▸ **Problem details**:
Your task is to repeat the entries exactly. Leave the pictures out.

▸ **Recorded data**:
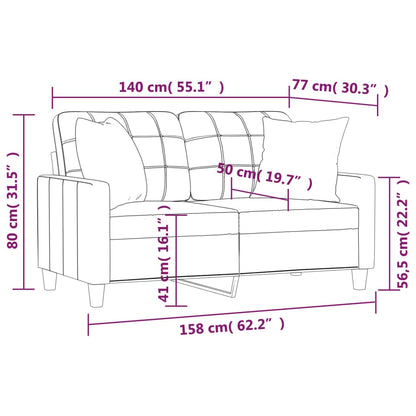 2-Sitzer-Sofa mit Zierkissen Grau 140 cm Kunstleder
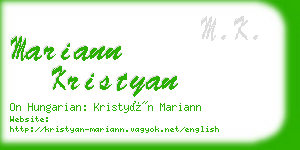 mariann kristyan business card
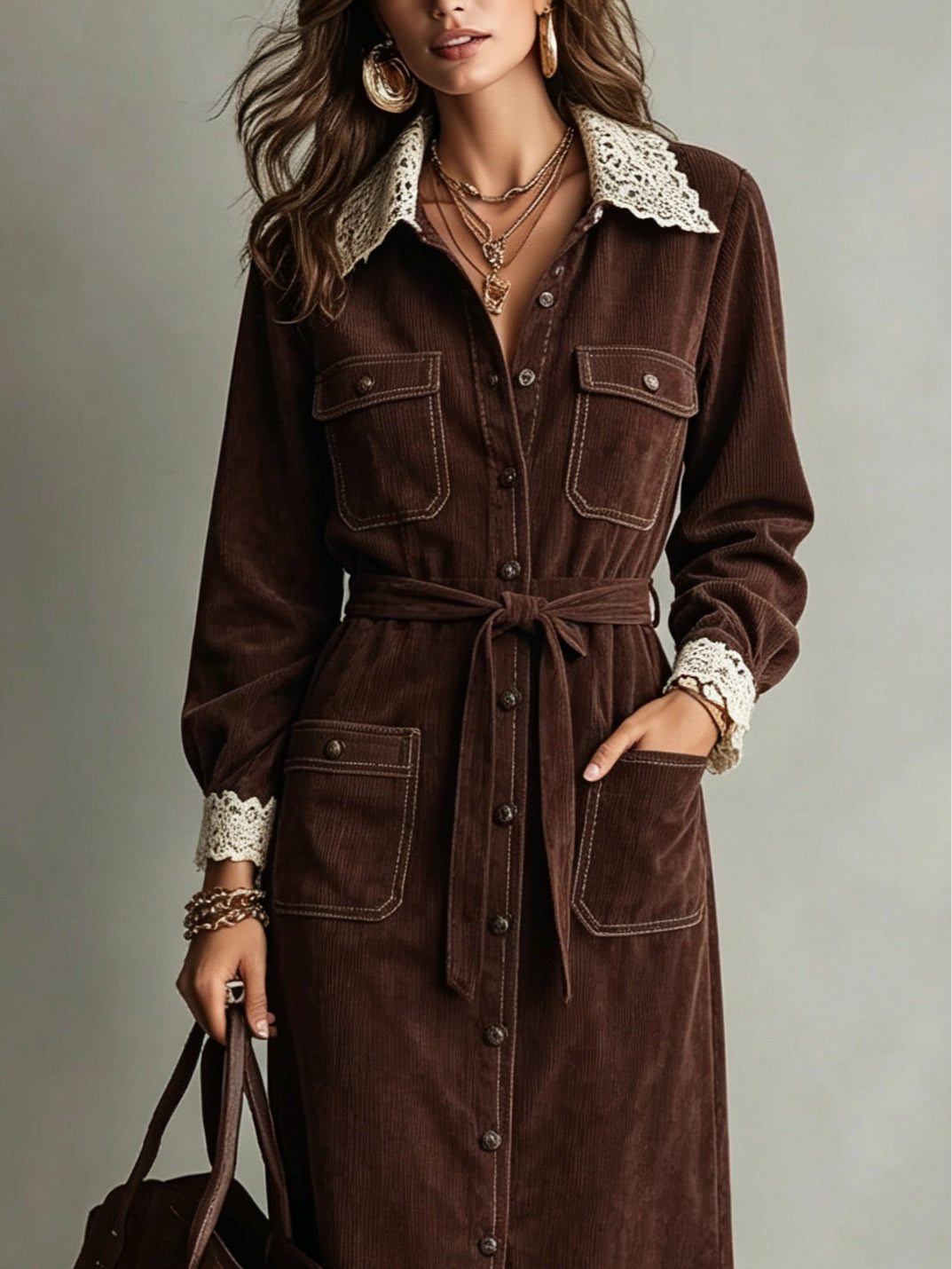 Brown Corduroy Lace Collar Shirt Dress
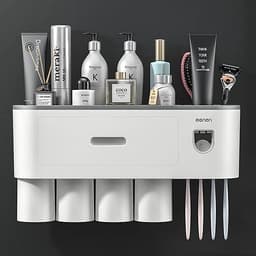 Bộ Nhả Kem Đánh Tự Động OENON, Kệ Treo Bàn Chải Nhà Tắmg Dán Tường Kèm Cốc Hút Từ Tính - OEKEM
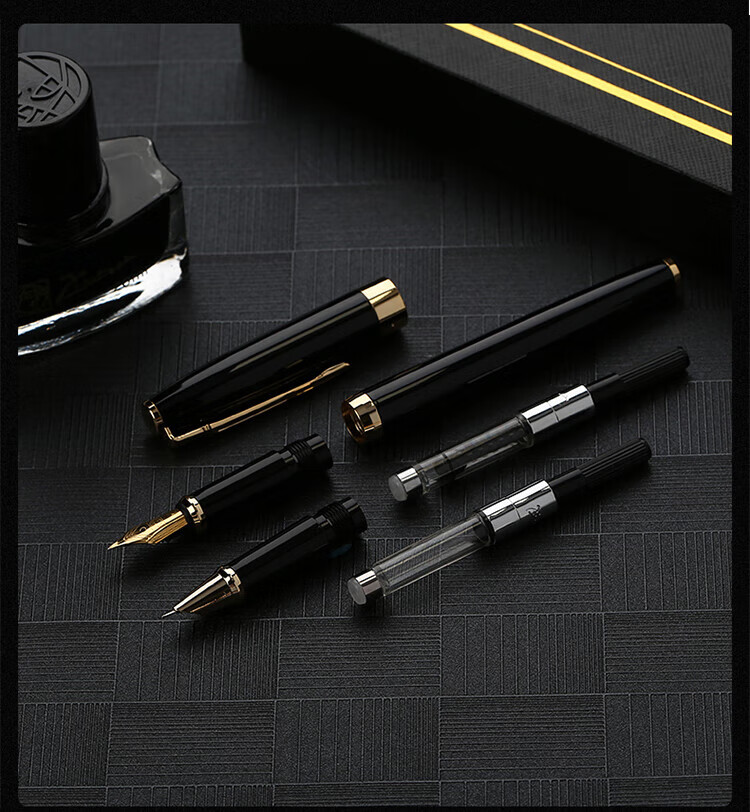 Pimio Fountain Pen Gift Box, Signature Pen Ink Set, Business Gift, Birthday Present for Men And Women, Student Calligraphy Stationery, 330 Black with Silver Clip 9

▸ **Solved exercise**:
 2-Sitzer-Sofa mit Zierkissen Grau 140 cm Kunstleder
 mariann kristyan business card
 Brown Corduroy Lace Collar Shirt Dress
 Bộ Nhả Kem Đánh Tự Động OENON, Kệ Treo Bàn Chải Nhà Tắmg Dán Tường Kèm Cốc Hút Từ Tính - OEKEM
 Pimio Fountain Pen Gift Box, Signature Pen Ink Set, Business Gift, Birthday Present for Men And Women, Student Calligraphy Stationery, 330 Black with Silver Clip 9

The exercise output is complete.